Is there a library that specializes in parsing such data?
You could use something like Google Maps. Geocode the address and, if successful, Google's API will return an XML representation of the address with all of the elements separated (and corrected or completed).
EDIT:
I'm being voted down and not sure why. Parsing addresses can be a little difficult. Here's an example of using Google to do this:
I'm not saying this is the only way or necessarily the best way. Just a way to parse addresses on a web site.
This is not really an answer but pointers to options that can be useful.
Dive into Python has some info on address parsing. http://www.diveintopython.org/regular_expressions/street_addresses.html
Similar questions on SO:
http://stackoverflow.com/questions/518210/where-is-a-good-address-parser
http://stackoverflow.com/questions/16413/parse-usable-street-address-city-state-zip-from-a-string
There are 2 parts to this: extract the complete address from the page, and parse that address into something you can use (store the various parts in a DB for example).

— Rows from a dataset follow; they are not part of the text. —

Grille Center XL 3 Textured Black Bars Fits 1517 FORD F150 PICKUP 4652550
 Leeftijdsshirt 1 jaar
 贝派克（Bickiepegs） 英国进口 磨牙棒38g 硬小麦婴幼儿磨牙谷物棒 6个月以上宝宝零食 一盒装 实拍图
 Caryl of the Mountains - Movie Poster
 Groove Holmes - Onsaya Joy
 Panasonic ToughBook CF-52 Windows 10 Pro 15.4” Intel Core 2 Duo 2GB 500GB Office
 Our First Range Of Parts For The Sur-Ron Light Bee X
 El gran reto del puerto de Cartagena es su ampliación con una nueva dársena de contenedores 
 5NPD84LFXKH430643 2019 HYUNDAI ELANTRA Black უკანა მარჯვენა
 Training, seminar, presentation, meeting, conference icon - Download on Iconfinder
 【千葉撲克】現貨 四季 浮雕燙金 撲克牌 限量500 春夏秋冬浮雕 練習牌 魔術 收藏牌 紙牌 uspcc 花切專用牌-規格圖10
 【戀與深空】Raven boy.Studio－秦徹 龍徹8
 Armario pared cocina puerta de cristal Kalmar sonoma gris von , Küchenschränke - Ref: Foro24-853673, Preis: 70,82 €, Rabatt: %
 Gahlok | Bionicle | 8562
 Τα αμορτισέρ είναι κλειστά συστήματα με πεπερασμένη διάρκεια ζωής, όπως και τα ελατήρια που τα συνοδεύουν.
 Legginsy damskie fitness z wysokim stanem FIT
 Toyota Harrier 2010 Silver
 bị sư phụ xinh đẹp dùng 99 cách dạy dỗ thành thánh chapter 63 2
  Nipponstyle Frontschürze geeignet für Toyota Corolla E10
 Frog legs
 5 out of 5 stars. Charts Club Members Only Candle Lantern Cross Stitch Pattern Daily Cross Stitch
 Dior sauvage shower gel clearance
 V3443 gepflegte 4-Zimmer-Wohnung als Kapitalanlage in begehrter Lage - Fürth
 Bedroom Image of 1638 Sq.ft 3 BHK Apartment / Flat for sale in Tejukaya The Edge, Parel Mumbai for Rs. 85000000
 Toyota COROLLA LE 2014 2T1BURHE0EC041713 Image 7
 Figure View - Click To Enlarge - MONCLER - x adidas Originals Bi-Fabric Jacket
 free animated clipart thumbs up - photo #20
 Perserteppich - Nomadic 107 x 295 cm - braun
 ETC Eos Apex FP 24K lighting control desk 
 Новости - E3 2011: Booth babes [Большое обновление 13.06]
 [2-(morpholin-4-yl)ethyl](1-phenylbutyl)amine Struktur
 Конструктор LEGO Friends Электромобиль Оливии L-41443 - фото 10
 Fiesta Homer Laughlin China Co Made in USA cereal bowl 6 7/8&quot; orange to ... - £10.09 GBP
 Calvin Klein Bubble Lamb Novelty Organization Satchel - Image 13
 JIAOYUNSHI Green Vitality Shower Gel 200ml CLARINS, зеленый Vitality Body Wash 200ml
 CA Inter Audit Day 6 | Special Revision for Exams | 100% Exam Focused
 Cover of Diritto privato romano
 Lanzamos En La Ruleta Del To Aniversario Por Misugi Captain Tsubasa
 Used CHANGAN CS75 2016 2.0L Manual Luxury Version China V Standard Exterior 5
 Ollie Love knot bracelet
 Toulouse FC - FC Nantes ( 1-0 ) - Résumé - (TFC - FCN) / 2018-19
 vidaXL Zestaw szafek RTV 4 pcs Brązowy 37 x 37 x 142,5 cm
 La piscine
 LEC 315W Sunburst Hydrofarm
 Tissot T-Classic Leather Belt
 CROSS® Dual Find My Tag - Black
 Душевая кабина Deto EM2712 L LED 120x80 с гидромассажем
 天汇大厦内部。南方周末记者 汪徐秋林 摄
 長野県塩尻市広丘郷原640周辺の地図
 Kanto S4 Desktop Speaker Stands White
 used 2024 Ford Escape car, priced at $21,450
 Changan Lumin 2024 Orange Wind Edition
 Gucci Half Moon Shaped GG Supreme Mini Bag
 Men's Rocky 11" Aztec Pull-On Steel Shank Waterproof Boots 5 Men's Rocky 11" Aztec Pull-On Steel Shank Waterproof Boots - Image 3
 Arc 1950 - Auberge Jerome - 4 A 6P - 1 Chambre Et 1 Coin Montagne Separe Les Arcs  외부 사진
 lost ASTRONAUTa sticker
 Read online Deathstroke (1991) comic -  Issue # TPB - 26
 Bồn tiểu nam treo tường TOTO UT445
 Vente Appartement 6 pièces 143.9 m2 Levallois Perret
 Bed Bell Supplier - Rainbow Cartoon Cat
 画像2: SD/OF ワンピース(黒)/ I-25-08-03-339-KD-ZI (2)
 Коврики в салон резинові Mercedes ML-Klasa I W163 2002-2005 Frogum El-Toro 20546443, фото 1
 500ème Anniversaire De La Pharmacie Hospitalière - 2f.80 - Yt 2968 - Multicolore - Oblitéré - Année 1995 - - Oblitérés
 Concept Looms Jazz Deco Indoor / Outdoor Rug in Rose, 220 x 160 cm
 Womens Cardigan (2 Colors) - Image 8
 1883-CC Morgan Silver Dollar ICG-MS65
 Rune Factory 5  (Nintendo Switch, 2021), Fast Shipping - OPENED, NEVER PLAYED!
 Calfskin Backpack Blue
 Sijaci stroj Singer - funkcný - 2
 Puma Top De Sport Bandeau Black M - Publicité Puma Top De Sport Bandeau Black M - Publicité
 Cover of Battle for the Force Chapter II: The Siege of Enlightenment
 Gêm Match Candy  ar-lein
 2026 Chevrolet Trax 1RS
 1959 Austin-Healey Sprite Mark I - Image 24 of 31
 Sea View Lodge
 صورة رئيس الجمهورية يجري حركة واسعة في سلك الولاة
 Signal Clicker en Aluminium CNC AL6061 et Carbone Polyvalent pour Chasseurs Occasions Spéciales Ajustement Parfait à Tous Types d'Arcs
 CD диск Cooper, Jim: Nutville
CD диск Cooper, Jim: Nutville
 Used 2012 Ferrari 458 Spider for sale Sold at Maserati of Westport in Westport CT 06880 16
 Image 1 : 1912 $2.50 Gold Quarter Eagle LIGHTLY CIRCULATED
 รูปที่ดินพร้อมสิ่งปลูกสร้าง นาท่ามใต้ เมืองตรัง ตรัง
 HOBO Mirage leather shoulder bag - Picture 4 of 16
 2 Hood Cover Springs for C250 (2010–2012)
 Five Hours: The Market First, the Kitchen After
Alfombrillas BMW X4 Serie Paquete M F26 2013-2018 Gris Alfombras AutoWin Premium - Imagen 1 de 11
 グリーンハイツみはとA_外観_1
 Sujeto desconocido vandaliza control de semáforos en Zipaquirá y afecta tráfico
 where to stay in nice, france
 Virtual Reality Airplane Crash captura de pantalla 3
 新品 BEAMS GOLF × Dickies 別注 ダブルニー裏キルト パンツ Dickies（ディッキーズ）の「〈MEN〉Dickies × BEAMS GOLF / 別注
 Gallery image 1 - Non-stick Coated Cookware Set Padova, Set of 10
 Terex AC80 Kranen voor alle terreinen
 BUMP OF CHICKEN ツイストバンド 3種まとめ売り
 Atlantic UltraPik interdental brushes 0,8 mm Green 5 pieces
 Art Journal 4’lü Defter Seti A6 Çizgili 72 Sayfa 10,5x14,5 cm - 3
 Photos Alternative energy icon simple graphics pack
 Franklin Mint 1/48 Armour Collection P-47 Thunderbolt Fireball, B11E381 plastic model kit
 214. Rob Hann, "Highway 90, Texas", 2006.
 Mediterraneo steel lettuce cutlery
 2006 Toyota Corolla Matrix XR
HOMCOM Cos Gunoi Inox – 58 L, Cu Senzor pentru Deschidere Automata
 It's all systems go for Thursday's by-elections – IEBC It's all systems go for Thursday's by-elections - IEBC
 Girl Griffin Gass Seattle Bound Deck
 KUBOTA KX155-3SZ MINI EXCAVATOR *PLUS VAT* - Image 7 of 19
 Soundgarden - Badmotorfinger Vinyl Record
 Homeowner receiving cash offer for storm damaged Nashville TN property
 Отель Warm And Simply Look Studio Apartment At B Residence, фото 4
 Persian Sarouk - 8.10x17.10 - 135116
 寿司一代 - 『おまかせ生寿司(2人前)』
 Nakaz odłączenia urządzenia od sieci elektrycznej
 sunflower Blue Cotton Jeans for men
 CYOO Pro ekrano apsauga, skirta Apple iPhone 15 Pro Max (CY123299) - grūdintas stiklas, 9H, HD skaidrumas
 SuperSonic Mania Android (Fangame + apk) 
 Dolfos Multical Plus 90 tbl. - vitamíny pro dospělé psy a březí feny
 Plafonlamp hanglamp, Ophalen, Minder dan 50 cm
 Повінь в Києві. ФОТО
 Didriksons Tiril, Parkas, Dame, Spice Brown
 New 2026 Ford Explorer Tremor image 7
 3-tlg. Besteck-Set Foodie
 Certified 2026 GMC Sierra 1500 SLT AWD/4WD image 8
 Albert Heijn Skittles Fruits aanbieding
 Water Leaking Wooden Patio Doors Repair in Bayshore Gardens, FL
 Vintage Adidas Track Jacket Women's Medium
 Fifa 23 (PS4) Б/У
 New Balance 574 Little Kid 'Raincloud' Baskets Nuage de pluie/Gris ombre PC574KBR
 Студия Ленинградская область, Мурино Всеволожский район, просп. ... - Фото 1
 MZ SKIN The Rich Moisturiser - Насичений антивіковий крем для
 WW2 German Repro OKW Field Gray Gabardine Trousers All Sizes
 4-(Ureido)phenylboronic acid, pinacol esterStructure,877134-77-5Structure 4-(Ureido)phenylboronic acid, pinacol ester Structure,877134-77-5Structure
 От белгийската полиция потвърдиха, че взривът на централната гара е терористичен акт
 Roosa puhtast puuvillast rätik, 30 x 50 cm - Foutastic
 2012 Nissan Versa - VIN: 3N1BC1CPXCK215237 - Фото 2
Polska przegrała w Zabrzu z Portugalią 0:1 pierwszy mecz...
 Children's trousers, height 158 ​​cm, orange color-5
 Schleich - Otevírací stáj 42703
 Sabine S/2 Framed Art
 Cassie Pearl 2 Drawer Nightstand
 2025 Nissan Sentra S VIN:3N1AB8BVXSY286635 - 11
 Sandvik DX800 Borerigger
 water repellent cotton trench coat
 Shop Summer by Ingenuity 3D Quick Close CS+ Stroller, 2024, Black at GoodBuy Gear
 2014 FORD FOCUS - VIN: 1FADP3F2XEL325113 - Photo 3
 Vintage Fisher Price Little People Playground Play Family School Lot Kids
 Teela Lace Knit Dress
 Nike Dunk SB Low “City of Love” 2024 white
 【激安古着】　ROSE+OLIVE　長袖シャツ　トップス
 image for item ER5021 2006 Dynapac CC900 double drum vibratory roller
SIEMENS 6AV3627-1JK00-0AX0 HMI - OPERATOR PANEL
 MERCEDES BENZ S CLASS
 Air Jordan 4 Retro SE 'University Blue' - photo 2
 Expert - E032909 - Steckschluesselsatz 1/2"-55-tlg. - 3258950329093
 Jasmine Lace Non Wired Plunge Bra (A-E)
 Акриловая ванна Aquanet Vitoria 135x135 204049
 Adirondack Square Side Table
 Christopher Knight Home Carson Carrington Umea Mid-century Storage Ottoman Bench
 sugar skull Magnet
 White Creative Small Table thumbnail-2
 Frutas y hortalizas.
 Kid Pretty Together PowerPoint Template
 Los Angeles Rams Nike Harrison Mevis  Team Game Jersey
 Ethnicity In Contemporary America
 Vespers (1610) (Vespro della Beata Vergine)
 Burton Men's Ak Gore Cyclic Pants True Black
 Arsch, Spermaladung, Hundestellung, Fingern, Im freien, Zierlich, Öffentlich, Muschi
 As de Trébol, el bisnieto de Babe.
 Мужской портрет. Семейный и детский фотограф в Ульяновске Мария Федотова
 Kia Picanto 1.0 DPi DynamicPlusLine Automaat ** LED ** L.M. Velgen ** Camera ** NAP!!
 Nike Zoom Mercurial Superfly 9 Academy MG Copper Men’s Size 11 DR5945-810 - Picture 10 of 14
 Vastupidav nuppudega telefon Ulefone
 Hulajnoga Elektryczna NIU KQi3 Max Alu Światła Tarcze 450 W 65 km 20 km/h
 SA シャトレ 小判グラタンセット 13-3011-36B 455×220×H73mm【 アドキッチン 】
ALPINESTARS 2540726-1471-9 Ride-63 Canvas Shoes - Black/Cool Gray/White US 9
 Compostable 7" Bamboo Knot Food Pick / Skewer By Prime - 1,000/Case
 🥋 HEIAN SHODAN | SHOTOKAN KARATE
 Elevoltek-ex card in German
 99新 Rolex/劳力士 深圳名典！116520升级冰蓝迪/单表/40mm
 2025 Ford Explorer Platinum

For the first part you will need a heuristic, most likely country-dependant: for US addresses [A-Z][A-Z],?\s*\d\d\d\d\d
should give you the end of an address, provided the 2 letters turn out to be a state. Finding the beginning of the string is left as an exercise.
The second part can be done either through a call to Google maps, or as usual in Perl, using a CPAN module: Lingua::EN::AddressParse (test it on your data to see if it works well enough for you).
In any case this is a difficult task, and you will most likely never get it 100% right, so plan for manually checking the addresses before using them.
Here is a link to my street address parser, written in Python using pyparsing.
You don't need regular expressions (yet) or a general parser like pyparsing (at all). Look at something like Beautiful Soup, which will parse even bad HTML into something like a tree of tags. From there, you can look at the source of the page, and find out what tags to drill down through to get to the data. Then, from Beautiful Soup's tree, you can search for these nodes using XPath (in recent versions), and directly loop over the tags you're interested in, getting to the actual data easily. From there, you can parse the data using a quick regex or something. This will be more flexible and more future proof, and also possibly less head-exploding, than just trying to do it in pure regular expressions.